━━━ Records to use ━━━

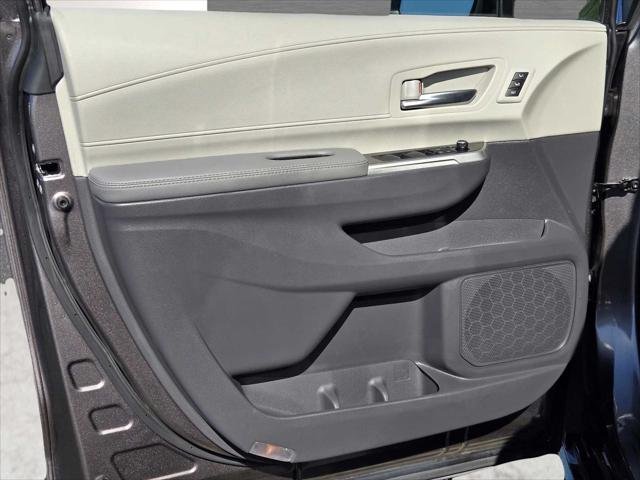 2024 Toyota Sienna Limited - Photo 20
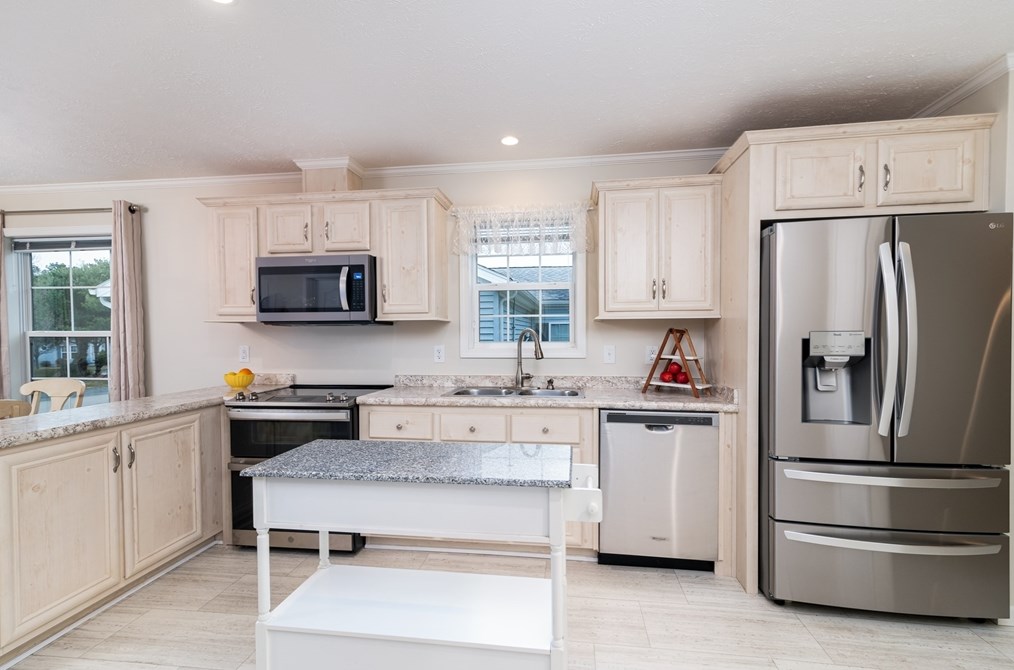 51 Willow Bend Blvd, Plymouth MA  02360-4698 exterior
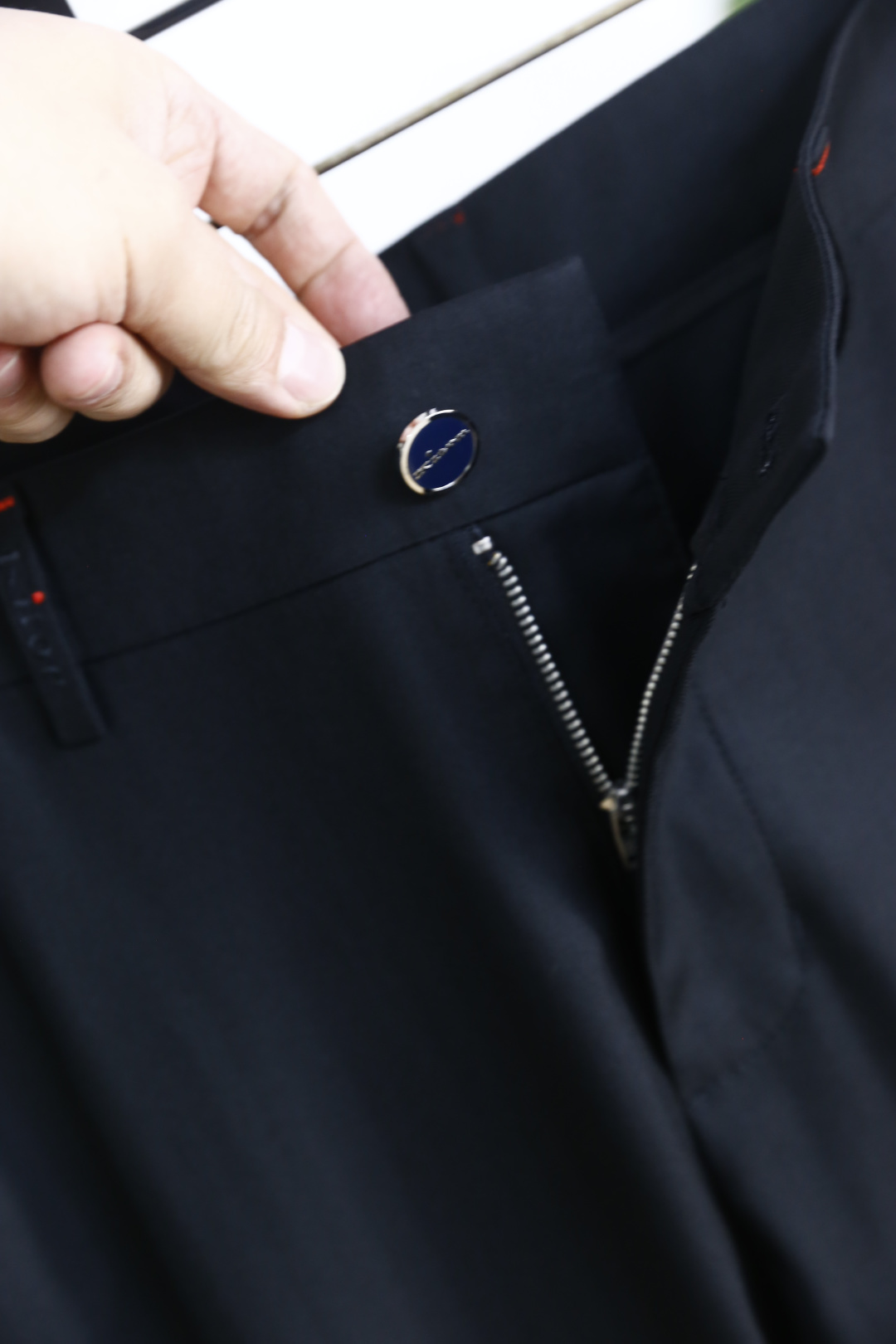 🔥kiton.2026春夏新品🆕时尚男士百搭薄款休闲西裤，是兼具轻奢质感与舒适体验的百搭单品，适配日常通
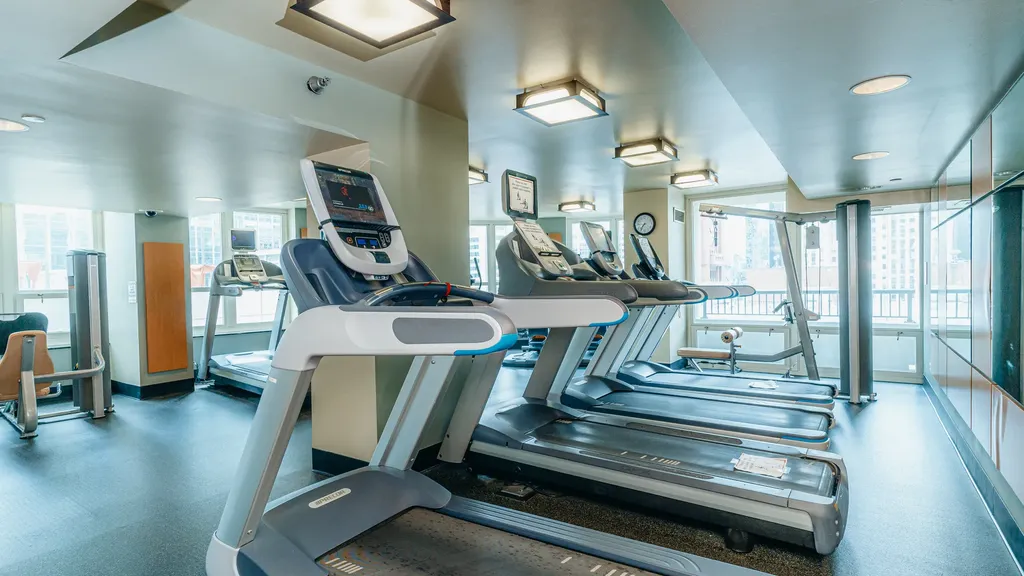 345 North La Salle Drive Chicago IL 60654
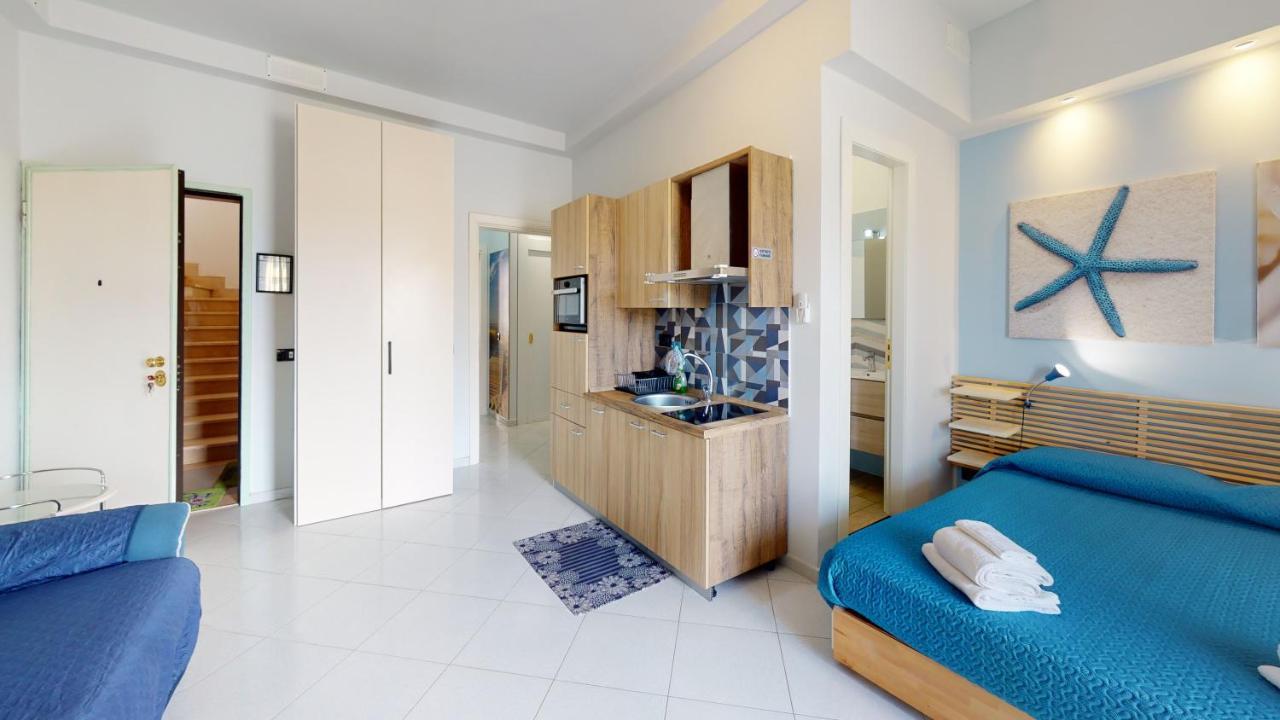 B E B Le Terrazze Sul Mare Bed and Breakfast Καταντζάρο Εξωτερικό φωτογραφία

━━━

> Task instructions
From the line with "51 Willow Bend" down to the final line of the entries above, repeat each line exactly; omit the pictures.

> Expected output
 51 Willow Bend Blvd, Plymouth MA  02360-4698 exterior
 🔥kiton.2026春夏新品🆕时尚男士百搭薄款休闲西裤，是兼具轻奢质感与舒适体验的百搭单品，适配日常通
 345 North La Salle Drive Chicago IL 60654
 B E B Le Terrazze Sul Mare Bed and Breakfast Καταντζάρο Εξωτερικό φωτογραφία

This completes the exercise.